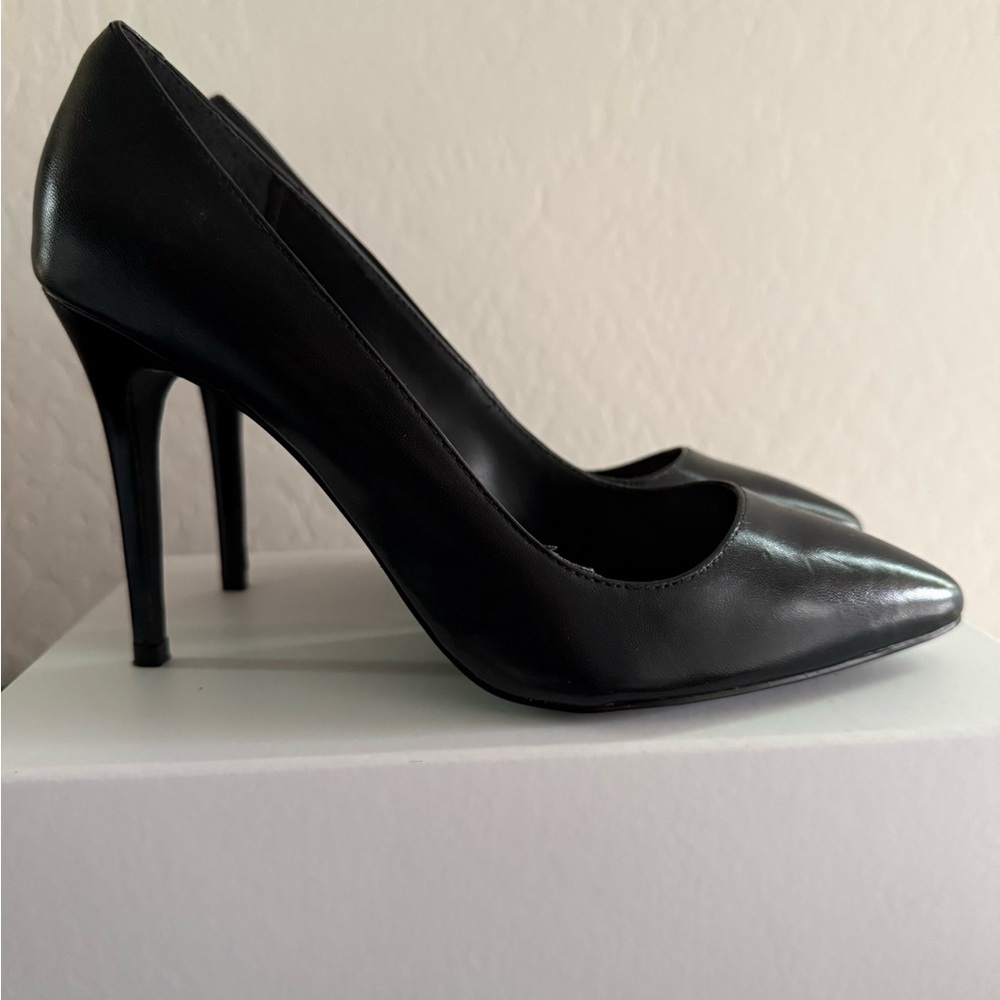 New Black Cathy Jean Stiletto Pump - 4 In Heel - Size 8.5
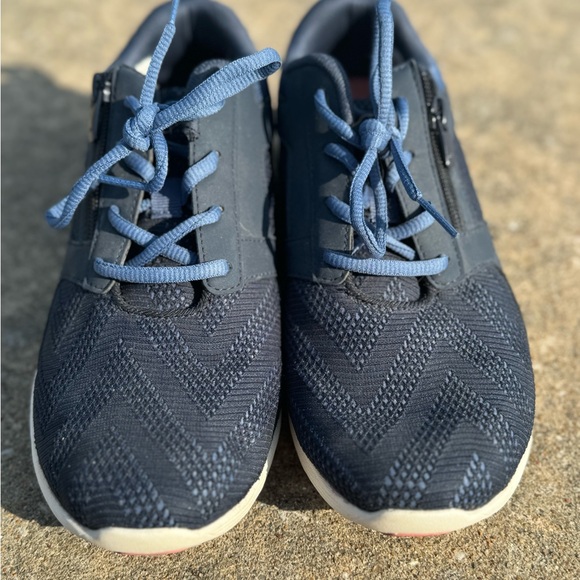 Navy Blue Patterned Sneakers - Picture 1 of 6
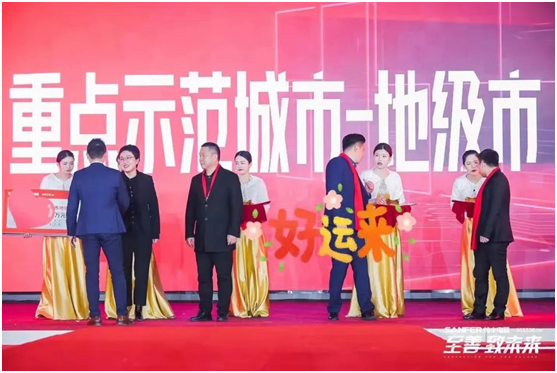 帥豐集成灶大商豐采，了解安徽蚌埠劉總服務(wù)標(biāo)準(zhǔn)化背后的故事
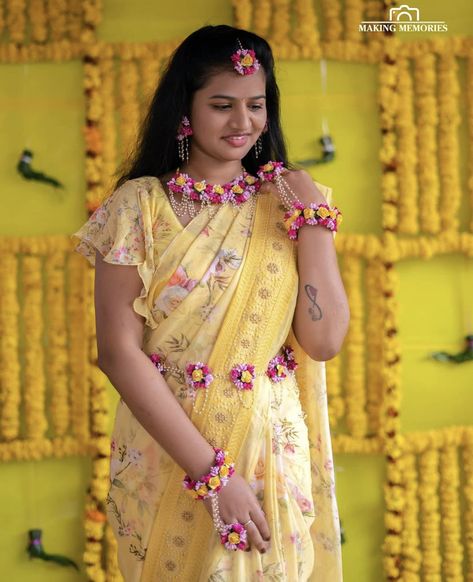 Haldhi Sarees, Haldi Blouse Design For Bride, Simple Haldi Ceremony Outfit For Bride, Haldi Ceremony Outfit For Bride Indian, Haldi Ceremony Saree, Haldi Shoot Poses, Haldi Girl, Haldi Stills, Haldi Ceremony Outfit For Bride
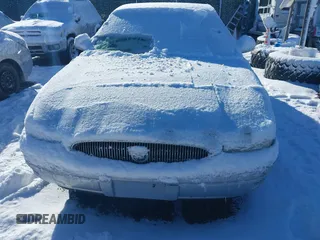 2000 Buick LeSabre Custom with VIN 1G4HP54K6Y4161458, listed as a IAAI auction lot 41380335 with Not Provided miles and . Bid and sale history available at carsss.com. Image 10.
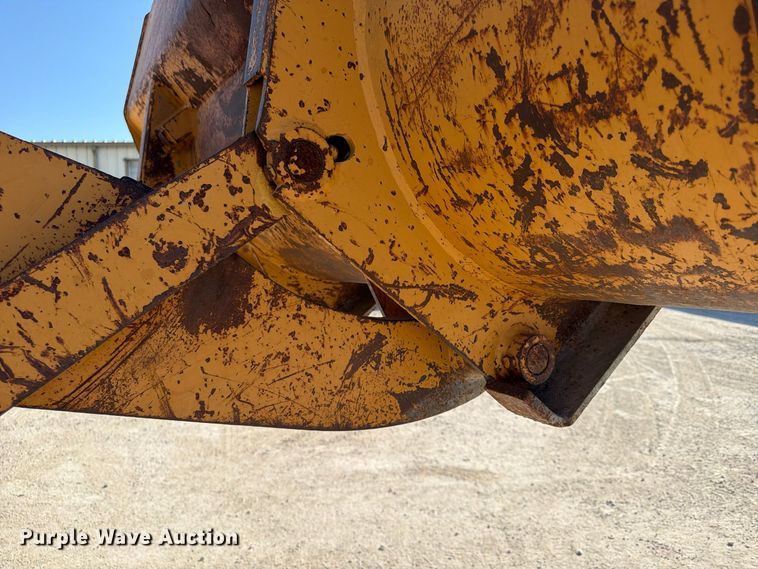 image for item FU4833 1987 Dresser 125E track loader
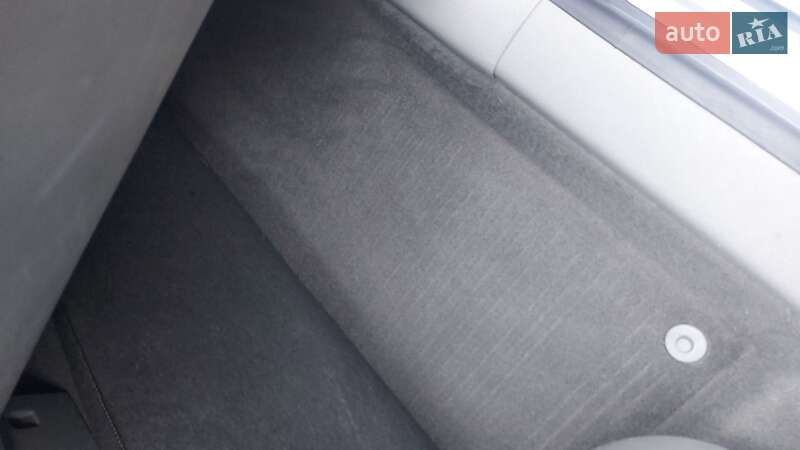 Універсал Volkswagen Golf 2001 в Харкові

> **Task directions**
The lines running from the one with "Haldhi Sarees, Haldi" to the close of the material above are to be retyped exactly; no picture is to be included.

> **Task output**
 Haldhi Sarees, Haldi Blouse Design For Bride, Simple Haldi Ceremony Outfit For Bride, Haldi Ceremony Outfit For Bride Indian, Haldi Ceremony Saree, Haldi Shoot Poses, Haldi Girl, Haldi Stills, Haldi Ceremony Outfit For Bride
 2000 Buick LeSabre Custom with VIN 1G4HP54K6Y4161458, listed as a IAAI auction lot 41380335 with Not Provided miles and . Bid and sale history available at carsss.com. Image 10.
 image for item FU4833 1987 Dresser 125E track loader
 Універсал Volkswagen Golf 2001 в Харкові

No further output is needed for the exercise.